L’œuvre singulière de Nadah El Shazly, qui gagne à être découverte au-delà de la diaspora arabe, pourrait être résumée comme une ode à l’amour et à la nuit. « Ma route est longue et je la protégerai », martèle-t-elle dans un refrain éthéré sur la pièce Banit (ma préférée de l’album).
Il serait tentant, en écoutant sa voix mature, riche et envoûtante d’évoquer les mirages de l’Orient et la fleur qui triomphe du désert, mais Nadah, sans doute un peu clairvoyante, fait le pari d’échapper à la case dans laquelle on voudrait la circonscrire; l’extase dans son œuvre naissant de la rencontre entre le chant traditionnel lyrique qui élève l’âme et la musique électro pulsée tel un battement de cœur. C’est une autre façon de chanter l’amour, dans une langue qui n’a besoin que d’une seule interprète.

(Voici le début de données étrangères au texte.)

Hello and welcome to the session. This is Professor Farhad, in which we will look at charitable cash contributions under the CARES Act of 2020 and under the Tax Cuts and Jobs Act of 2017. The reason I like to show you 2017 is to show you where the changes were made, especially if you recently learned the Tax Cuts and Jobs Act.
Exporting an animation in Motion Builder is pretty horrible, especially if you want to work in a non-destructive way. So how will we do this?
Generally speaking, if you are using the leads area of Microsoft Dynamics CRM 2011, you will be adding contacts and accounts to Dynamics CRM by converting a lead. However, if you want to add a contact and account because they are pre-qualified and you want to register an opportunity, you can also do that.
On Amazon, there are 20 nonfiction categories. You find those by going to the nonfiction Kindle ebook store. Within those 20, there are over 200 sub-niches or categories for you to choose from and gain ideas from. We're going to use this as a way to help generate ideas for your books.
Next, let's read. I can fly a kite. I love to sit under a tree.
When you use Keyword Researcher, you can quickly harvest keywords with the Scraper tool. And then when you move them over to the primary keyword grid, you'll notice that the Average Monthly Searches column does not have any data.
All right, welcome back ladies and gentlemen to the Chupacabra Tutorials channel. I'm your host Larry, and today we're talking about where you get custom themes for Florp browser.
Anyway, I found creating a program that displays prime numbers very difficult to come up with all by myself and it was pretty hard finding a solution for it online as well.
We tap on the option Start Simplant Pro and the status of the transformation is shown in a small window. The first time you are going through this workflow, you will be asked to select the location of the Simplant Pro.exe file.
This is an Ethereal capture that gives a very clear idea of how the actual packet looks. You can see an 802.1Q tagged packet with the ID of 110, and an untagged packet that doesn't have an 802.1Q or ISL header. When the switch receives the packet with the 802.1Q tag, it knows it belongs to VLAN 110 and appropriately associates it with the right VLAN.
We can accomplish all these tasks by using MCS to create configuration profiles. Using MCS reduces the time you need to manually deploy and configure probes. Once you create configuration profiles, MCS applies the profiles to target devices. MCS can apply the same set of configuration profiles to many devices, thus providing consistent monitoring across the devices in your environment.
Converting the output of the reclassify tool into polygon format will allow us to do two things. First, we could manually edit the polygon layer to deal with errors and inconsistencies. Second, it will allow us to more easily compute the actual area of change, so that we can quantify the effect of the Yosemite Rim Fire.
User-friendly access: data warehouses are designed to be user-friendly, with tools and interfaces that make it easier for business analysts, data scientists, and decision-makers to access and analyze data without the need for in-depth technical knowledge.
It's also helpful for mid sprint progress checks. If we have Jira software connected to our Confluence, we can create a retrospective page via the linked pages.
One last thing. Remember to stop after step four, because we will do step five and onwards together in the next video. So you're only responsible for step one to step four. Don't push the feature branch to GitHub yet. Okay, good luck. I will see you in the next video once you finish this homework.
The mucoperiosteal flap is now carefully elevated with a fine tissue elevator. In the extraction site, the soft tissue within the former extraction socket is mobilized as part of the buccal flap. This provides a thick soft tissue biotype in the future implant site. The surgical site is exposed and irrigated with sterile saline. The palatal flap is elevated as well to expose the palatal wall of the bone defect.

Nadah El Shazly est connue pour offrir des prestations immersives presque suspendues dans le temps, sa musique se vivant tout en s’écoutant.
Laini Taini signifie « retrouve-moi » en français, alors disons simplement que vous seriez bête de refuser l’invitation.
Nadah El Shazly sera en concert le 19 juillet prochain au Festif! de Baie-Saint-Paul.